Playing in front of the TV cameras, Flyers won 6-4 to eliminate Durham who, legend had it, had already ordered their Wembley team jackets and ties.
When Fife travelled to the north-east of England for a meaningless game, all hell let loose.
Wasps’ mood probably wasn’t helped when the big Fife support unveiled a banner which said “Big Blue Machine for sale – scrap value only.”
They won the game 10-2, but also took their revenge on Fife.
Barely two minutes the game and a shoving match between defenceman Neil Abel and Durham’s Adrian Smith resulted in a fight.
Abel was handed a match penalty plus a gross misconduct for allegedly striking an official trying to separate them. Smith got a 2+2.
At the end of the period, the gamesmanship began.
Fife forward Rick Fera was superstitious and liked to be the last man off the ice pad, so Wasps left a young skater, Anthony Payne, on the bench for the sheer hell of it.
The stand off lasted some time, forcing referee Nico Toeman to intervene and order Fera to the dressing-room.
End of period two, Wasps doubled up with Damian Smith joining Payne on the ice, this time indulging in a victory dance! They got ten-minute misconduct penalties.
Worse was to follow.
After 12 minutes playing short-handed. Fife coach Rab Petrie was thrown out.

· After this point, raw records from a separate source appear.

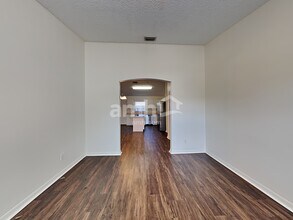 581 NW Goldcoast Ave in Port St. Lucie, FL - Building Photo - Building Photo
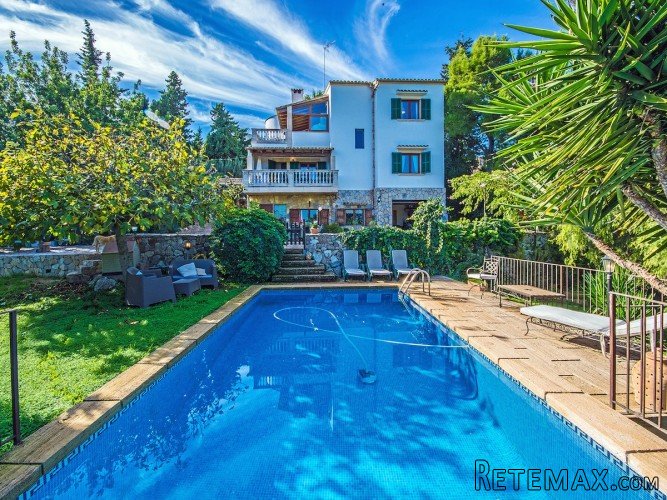 Detached villa of 349m2 in a plot of 3023m2 with views.. - 4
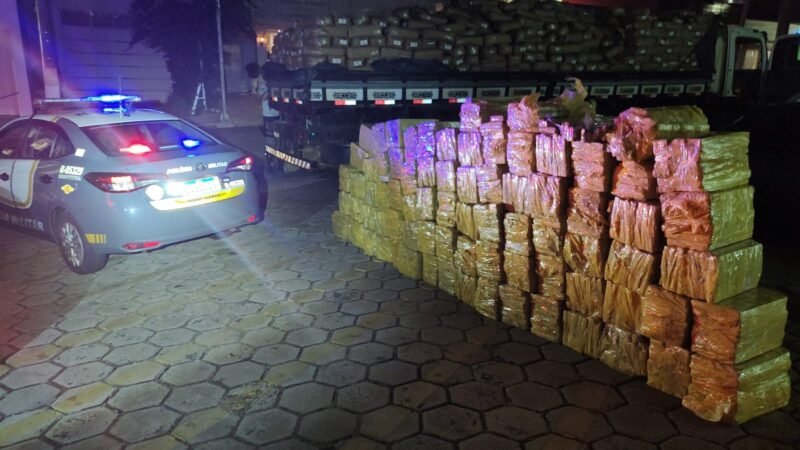Polícia flagra quase 2 toneladas de maconha em carga de tapioca na Castello Branco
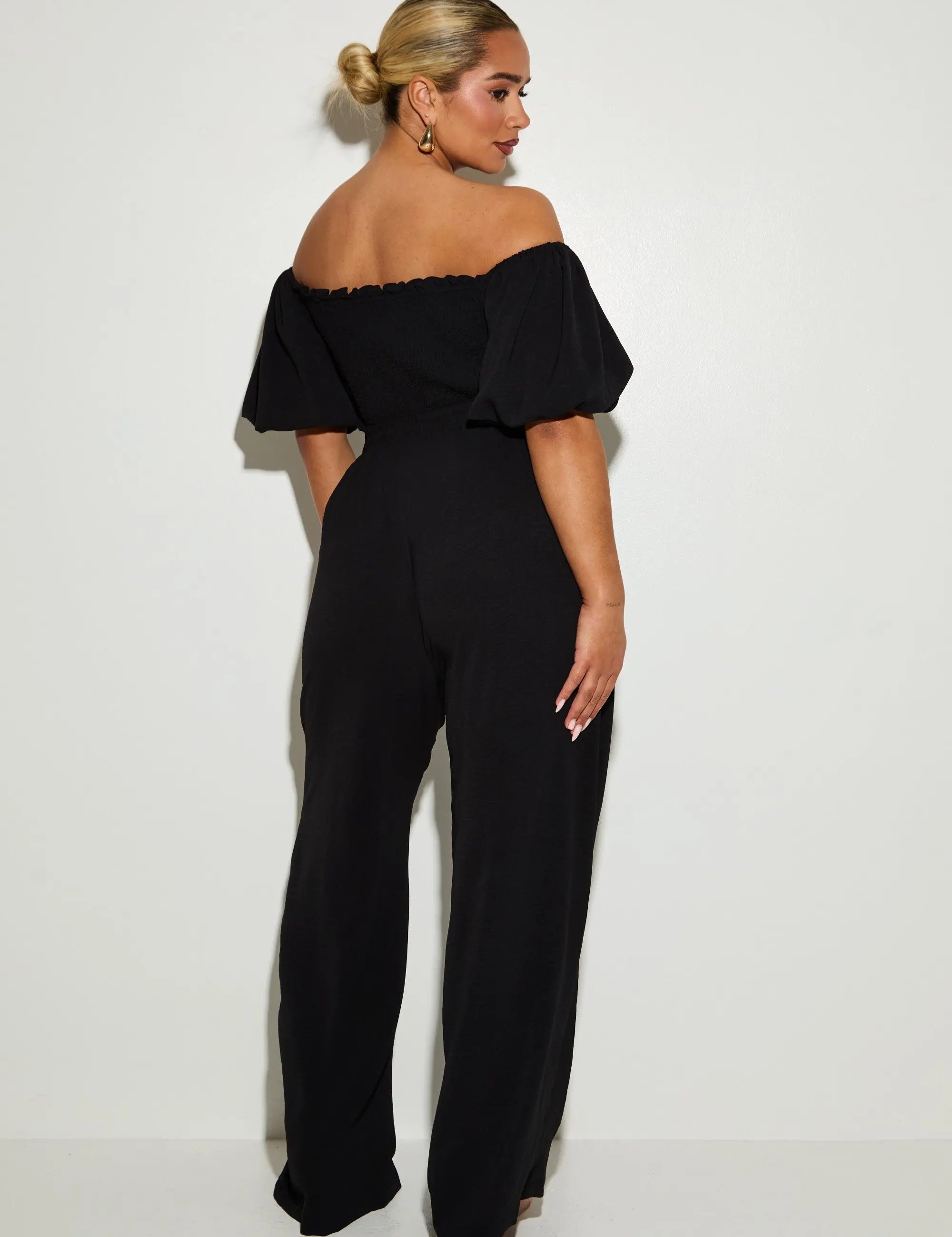 Off The Shoulder 'Bon' Crepe Top - Black RELR
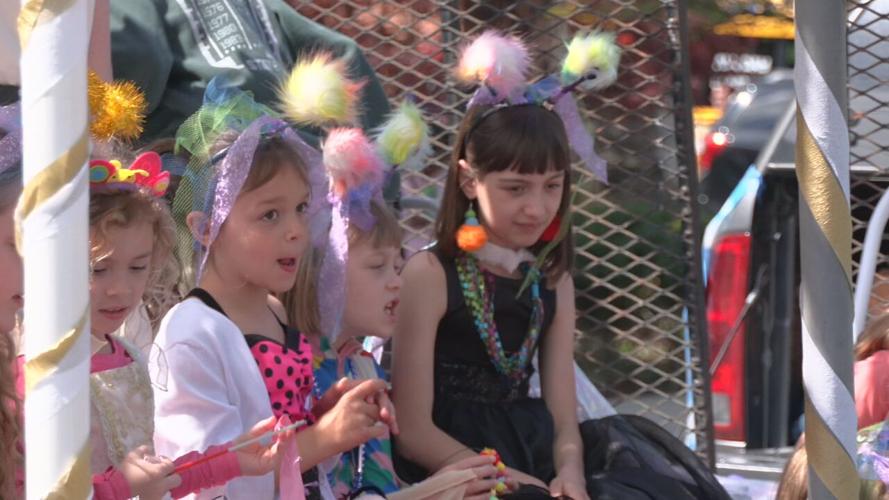 Frankfort Avenue Easter Parade 3.jpeg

With the team benches built into the crowd, he moved several rows back only to be told, across the PA, by announcer to move further back. The farce saw him move back one row, then a second ...
By the time the game reached the 47th minute, and with Wasps 5-2 up, import defenceman Mike Rowe was called for elbows.

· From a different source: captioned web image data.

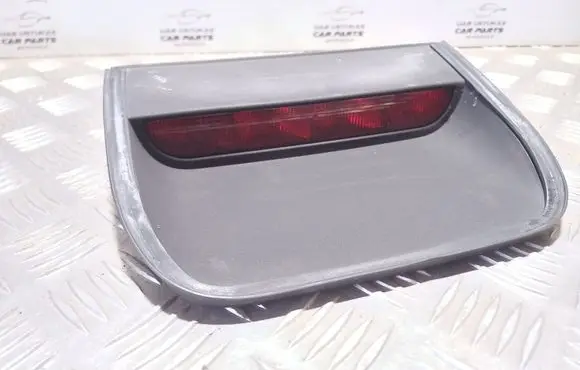Mitsubishi Carisma Third/center stoplight 0996400
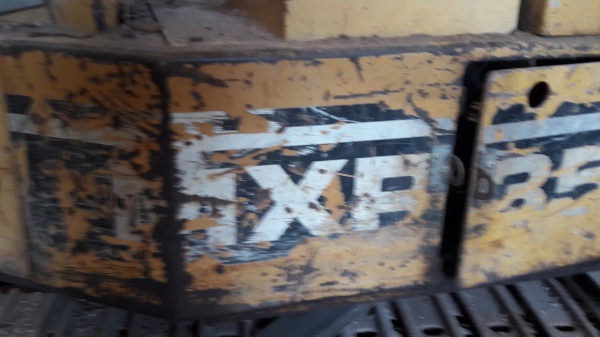 ขายถูก แบคโฮ MITSUBISHI MXR 35 (รถใช้ใานได้ปกติ จอดใว้)  ด่วน 081-1841924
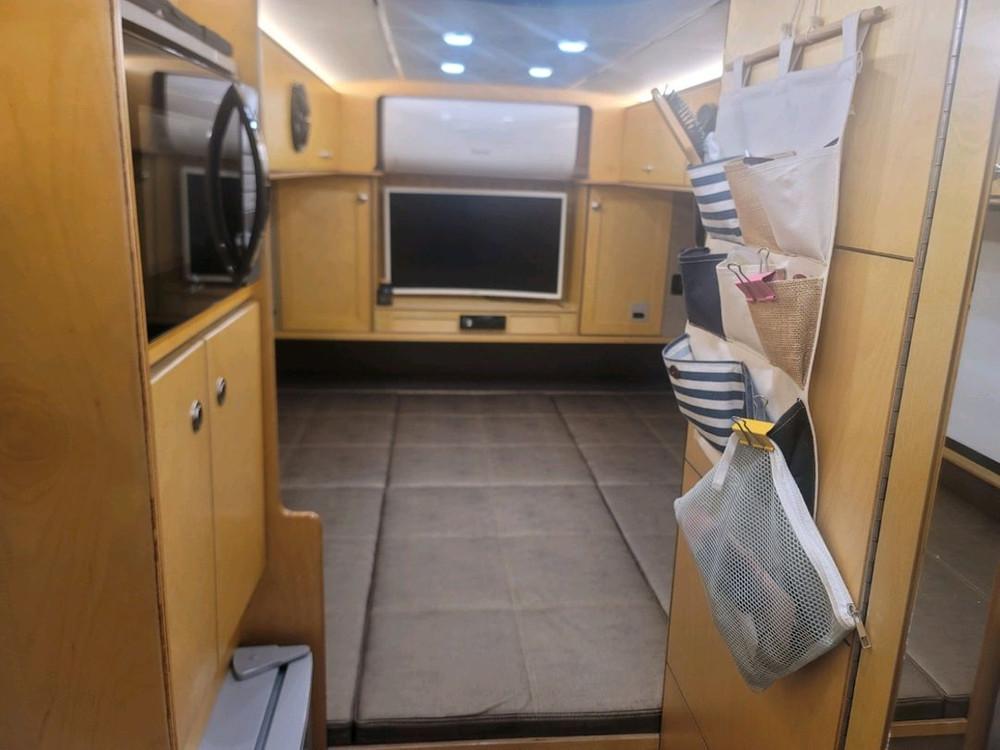 이카운티캠핑카 이미지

Sitting in the sin bin, Gordon Latto threw his gloves in the air in utter frustration and was promptly handed a match penalty.
At that point, Flyers bench – by now minutes its coach, captain and assistant captain – grabbed a white towel and ordered the players to the dressing-room.
That left Rowe and Latto stuck in the sin bin which they couldn’t leave.
Chaos and confusion reigned for several minutes as some players headed to the exits, and others looked to the stripeys for some semblance of control
Sanity was eventually restored, and Wasps netted five without reply – Rick Brebant firing a straight hat-trick.
Flyers travelled to the finals weekend with no idea whether Petrie would be behind the bench.
His appeal was heard less than two hours before the semi-final tie against Cardiff Devils which they lost 5-1.
It transpired his game misconduct penalty had been increased, 24 hours after the game, to a gross misconduct for abusing officials, and then, on appeal, changed to a £500 fine.
Abel was permitted to ice, while Latto’s match penalty didn’t come with an automatic suspension.
Said Petrie: “Wembley has always been the highlight of the year for me, but this year I was just glad to get home.”